The problem with confirming or denying eidetic memory is that it's all in the head. I really can't see how you could construct a test that could absolutely prove or absolutely disprove it. If eidetic memory required only an instantaneous glance at an object to memorize it, then it might be fairly easy to prove, but since eidetic recall generally requires a while to study the object in order to memorize it, I don't see how you could easily test for it.


----------



## TMOY (Aug 28, 2012)

qqwref said:


> If you can see the pieces in your head, you don't need to *memorize* cycles. You'd just look at the cube, don the blindfold, and find the cycles as you go.


Or you can just not bother with cycles at all and solve everything you spot using comms. Works perfectly well for big cube centers.


----------



## qqwref (Aug 28, 2012)

Aren't cycles and comms the same thing? And don't forget that someone with a theoretical case of eidetic memory would be able to remember the initial pattern of the cube but not necessarily update it as they go. So you're going to have to solve pieces in some kind of cycle configuration however you do it, as opposed to e.g. a cage-style speedsolving method.


----------



## TMOY (Aug 29, 2012)

Not necessarily. I generally solve a whole center, then another one, and so on. I sometimes even deliberately solve a center at the wrong place, and correct at the end with comms swapping whole centers. This is not really what I call solving by cycles.
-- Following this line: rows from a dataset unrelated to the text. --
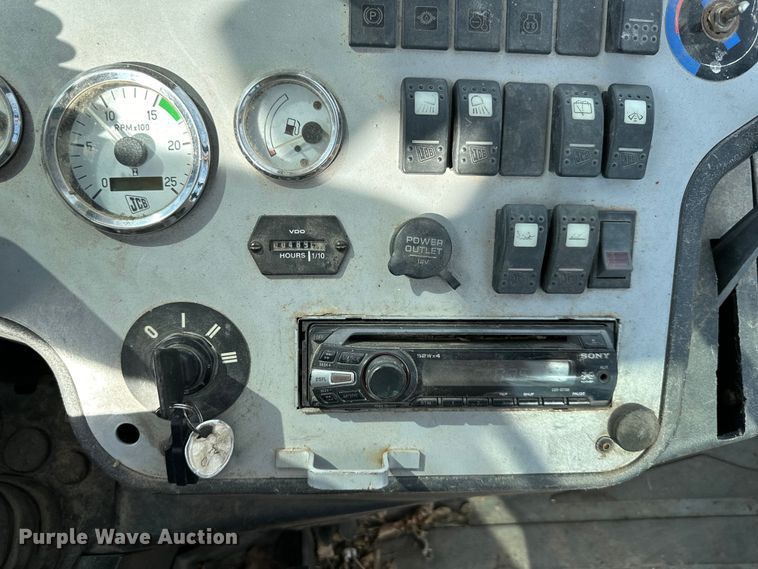 image for item NL9385 2009 JCB 2CX backhoe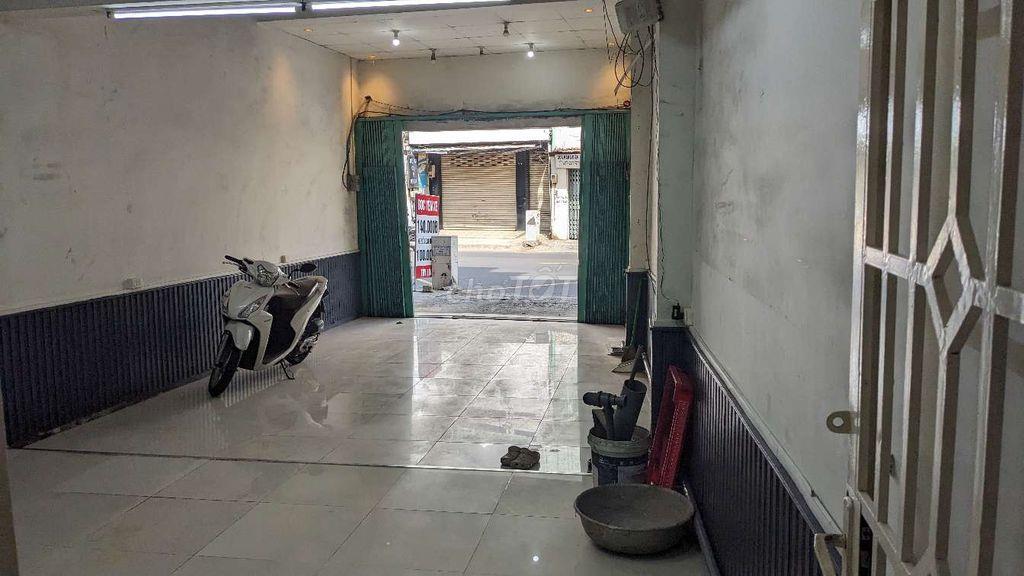 Cho thuê mặt bằng mặt tiền đường Lạc Long Quân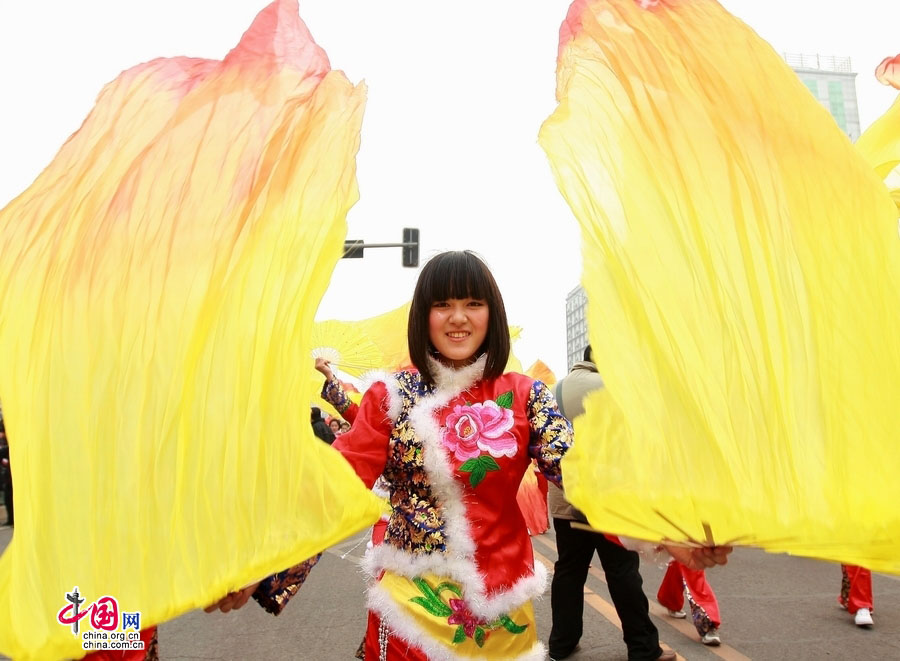 Beijing : magnifique défilé déguisé pour clôturer le Nouvel An chinois (2)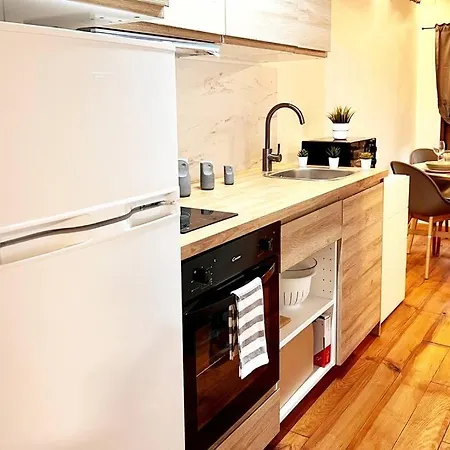 Ventana Al Cielo De By Batuecas Cudillero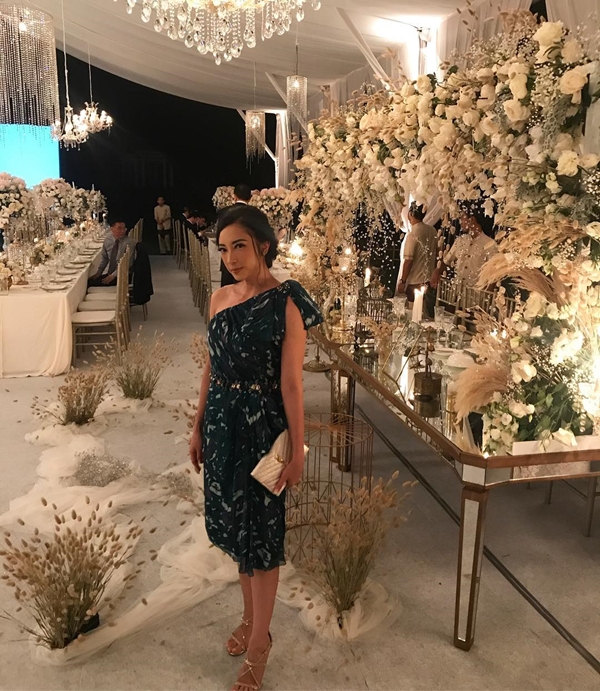 10 Gaya glamor Renny Sutiyoso, putri Bang Yos mantan Gubernur Jakarta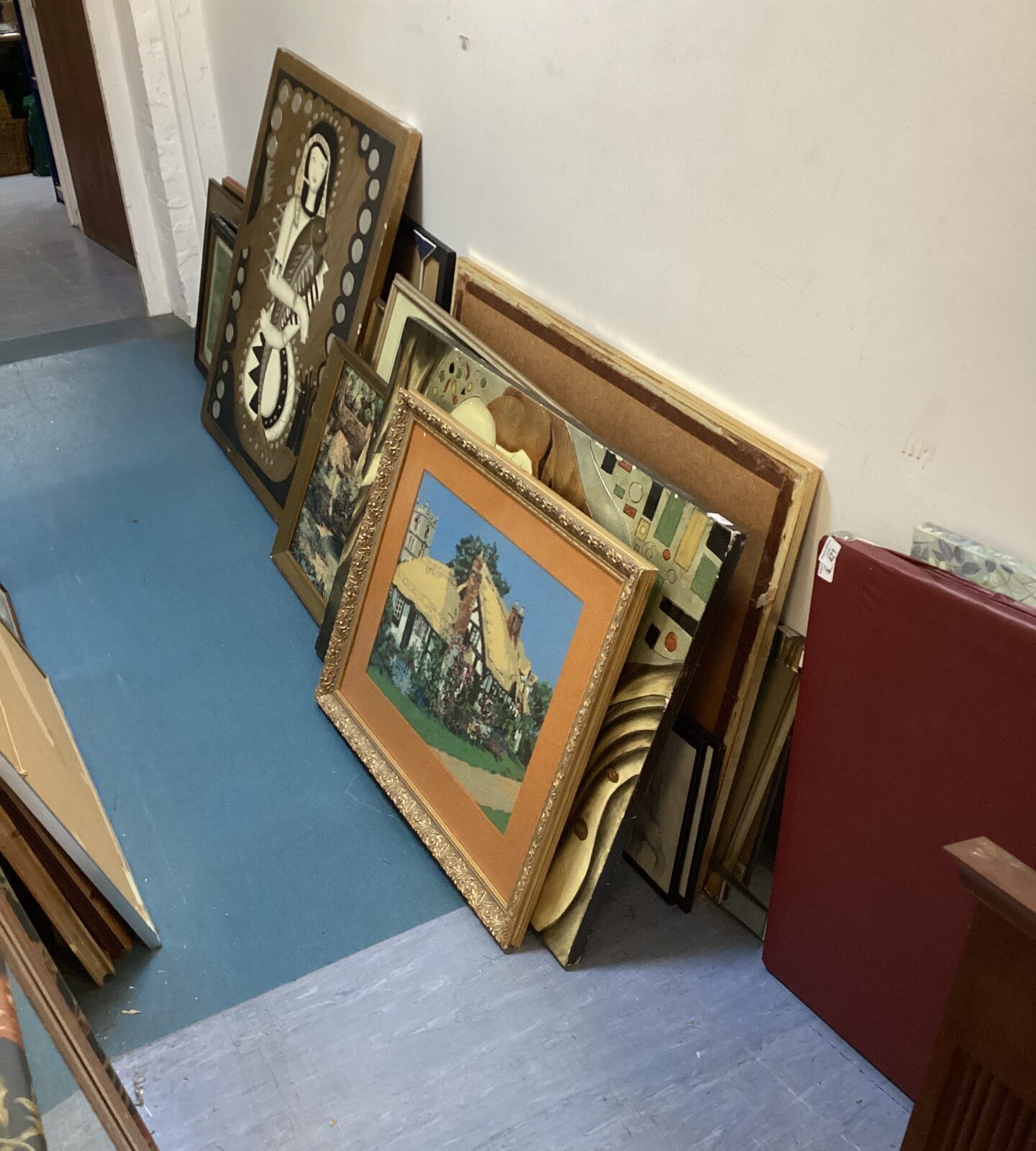 Large quantity of mixed artworks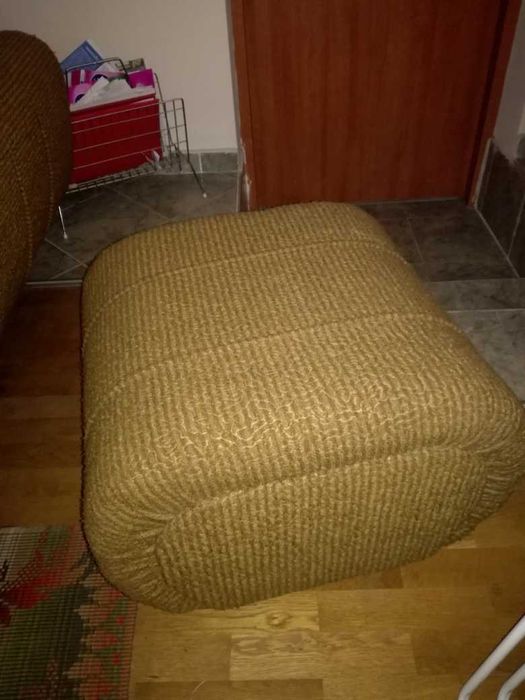 #ретро холна гарнитура: 2 табуретки, 2 фотьойла, разтегателен диван.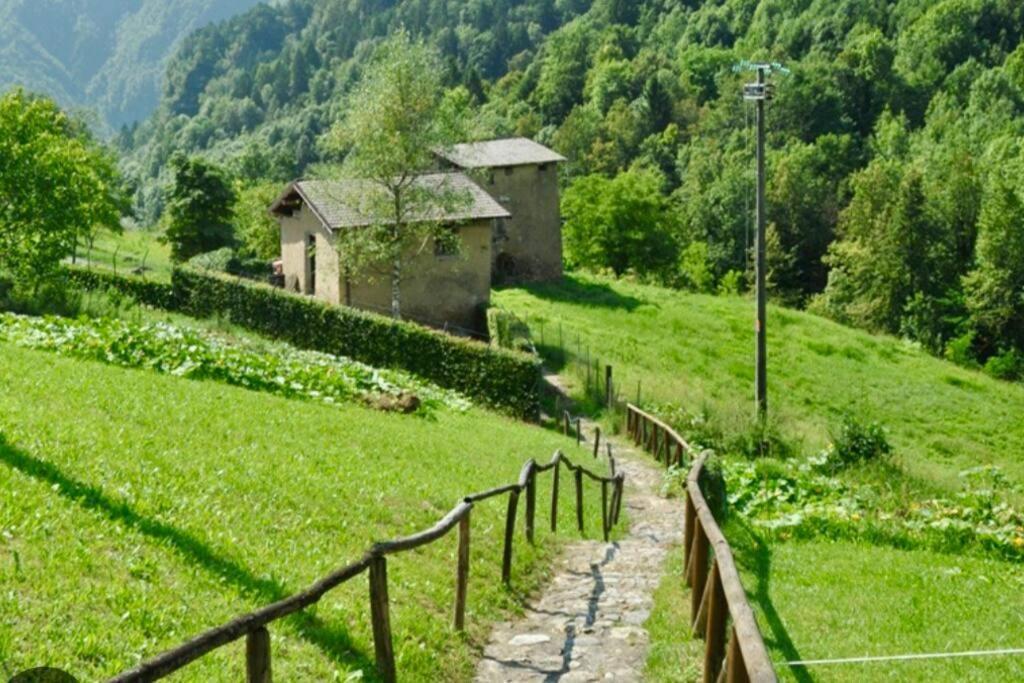 Appartamento Panoramico Casa Gerro Averara エクステリア 写真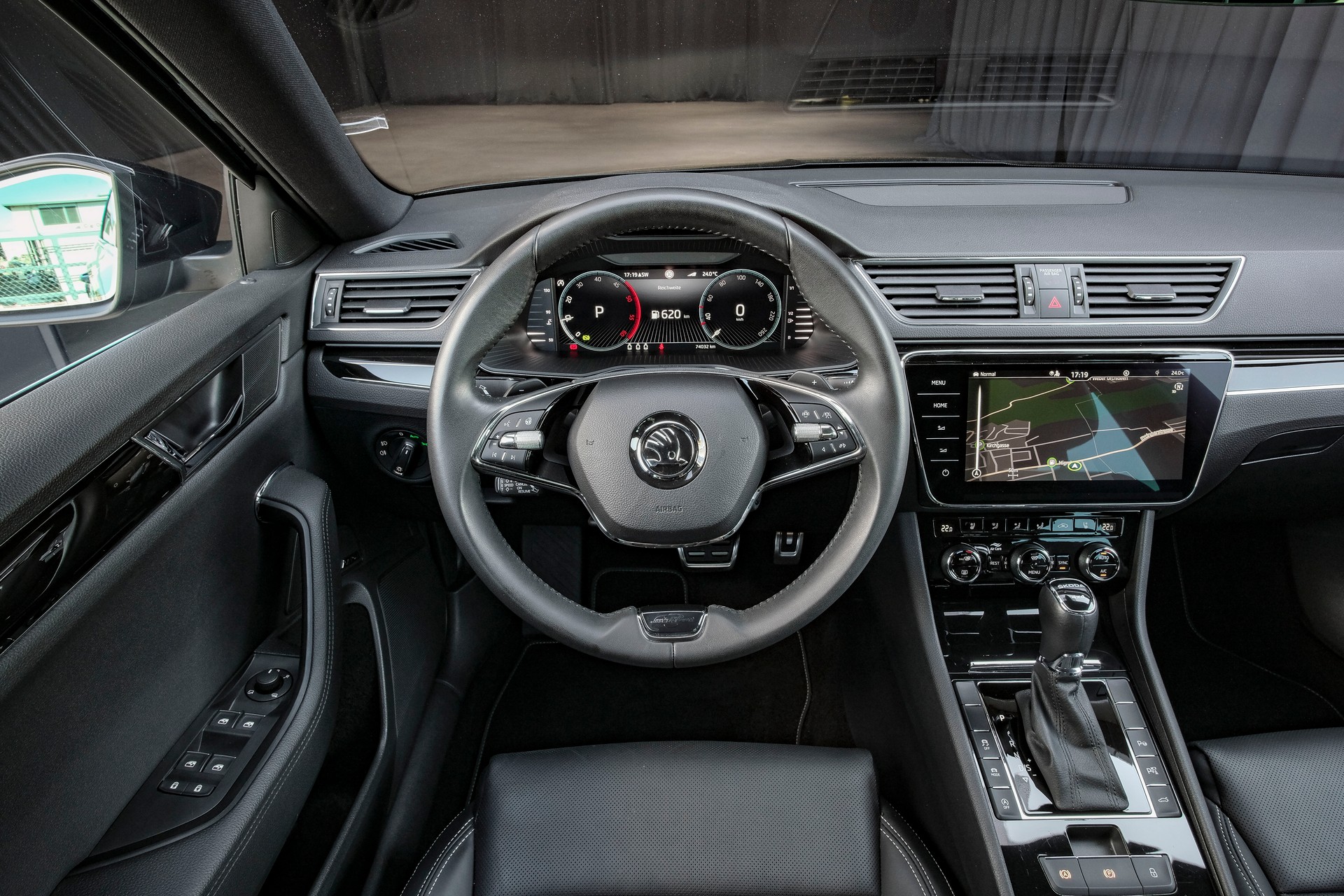 SKODA Superb Combi 2.0 TDi L&K 4x4 DSG-image-15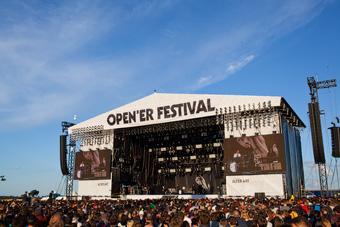 «Накачанные молодые люди до 30 лет»: первый день музыкального фестиваля «Open’er» в Гдыне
And I never said someone with an eidetic memory would automattically be good at BLD. He would have to practice anyway.


----------



## qqwref (Aug 29, 2012)

Yeah, as I said, even with eidetic memory you're not going to be able to track the position of all the pieces as you do random cage comms. If you can track pieces like that you might as well just use a normal speedsolving method.


----------